A couple of notes on this code:

  1. Notice how I removed newlines from the final CSP variable. Using const signals to other developers that it shouldn't change, but since strings are immutable in JavaScript, modifying it using .replace() creates a new valid CSP header string.
  2. I've added detection for both "naked URLs" and those ending in /index.html. This is just for convenience really, as it saves having to add the index.html to URLs before the response header is sent.
  3. Lastly, the above CSP in its current form will break 11ty's live reload functionality because the connect-src in the CSP is set to none which tells the browser to block all network requests initiated by the page.

The following network communication technologies are blocked by this directive:

In order to fix point 3 there are 2 options:

1) Modify the connect-src directive

This is the obvious fix for the issue:

// add the following to your CSP variable
connect-src 'self' ws: wss: http://localhost:* ws://localhost:*;

By modifying the connect-src directive, we are allowing connections on localhost via HTTP and WebSockets (which 11ty's live reload script relies on to push updates to the browser without having to reload the whole page). And we are also allowing WebSocket connections that are both encrypted (wss:) and unencrypted (ws:).

2) Modify the default-src directive

This is a less obvious fix for the issue:

// add the following to your CSP variable
default-src 'self' ws: wss: http://localhost:* ws://localhost:*;

The reason this works is that default-src is the "fallback" directive.

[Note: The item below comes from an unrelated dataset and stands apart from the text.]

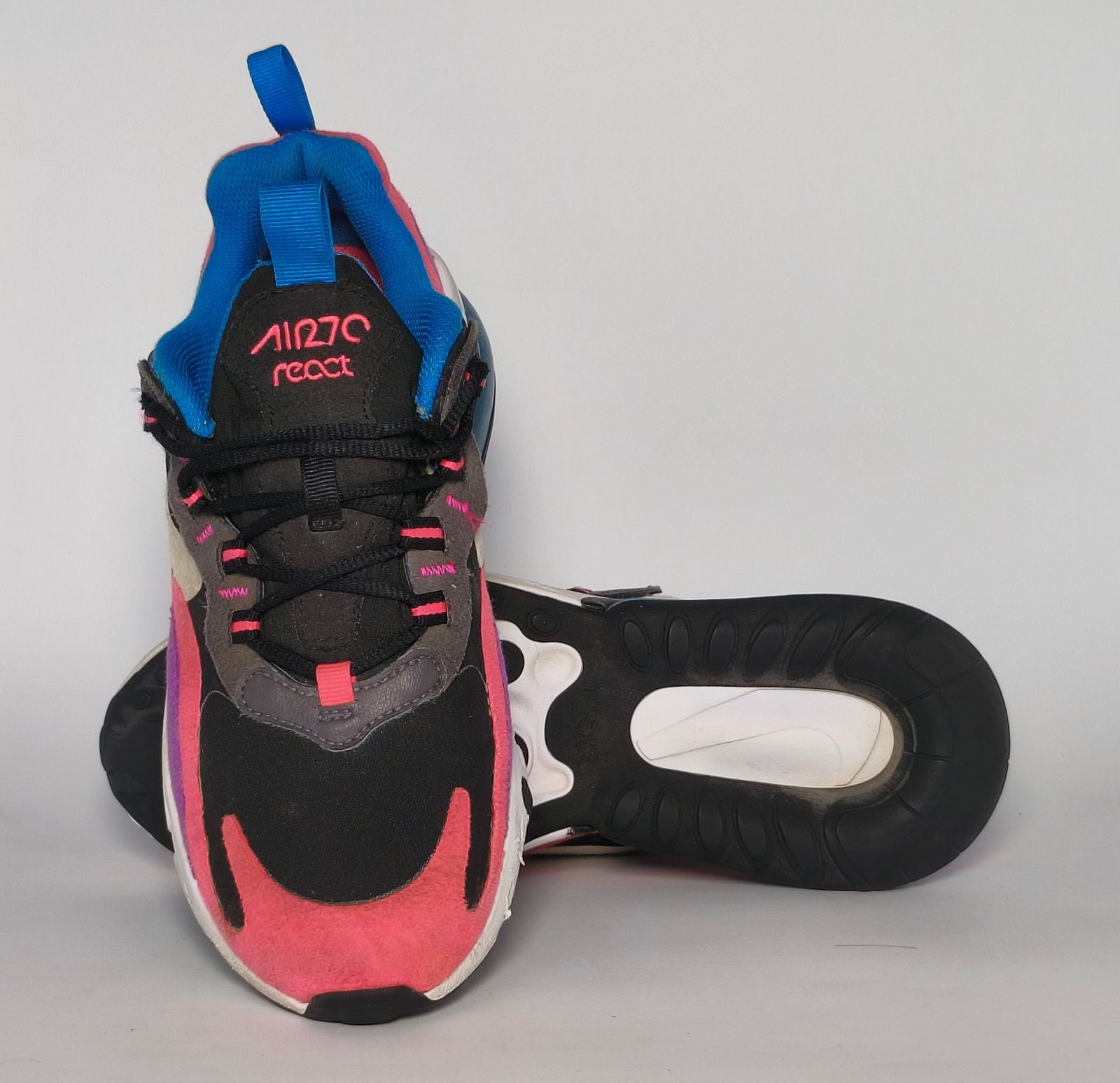 Nike Air Max 270 React sneaker featuring a pink and purple upper, a white React midsole, and a blue tinted Max Air heel unit.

So assuming your connect-src is set to self then the following ws: wss: http://localhost:* ws://localhost:*; would still be followed because the directive is falling back to default-src.

IMPORTANT: don't use default-src if your connect-src is set to none! The value of none will still block all connections and override the default-src settings.

The advantage of modifying the default-src directive is that it will be applied to other directives like script-src and img-src. So it really depends on your CSP requirements for your local development environment! For most readers, I'd guess modifying the connect-src directive will be enough. But I've added both options for completeness.

Summary

Believe it or not, I kept the blog post short this time! I hope this code snippet makes configuring your 11ty CSP a breeze! As always, thanks for reading and if you have any feedback or comments, please let me know!


Post changelog:

  • 04/02/25: Initial post published.
  • 09/02/25: Thanks to vrugtehagel from discord for his couple of tweaks to the const CSP code. The small changes can be seen in the gist revisions if you are interested.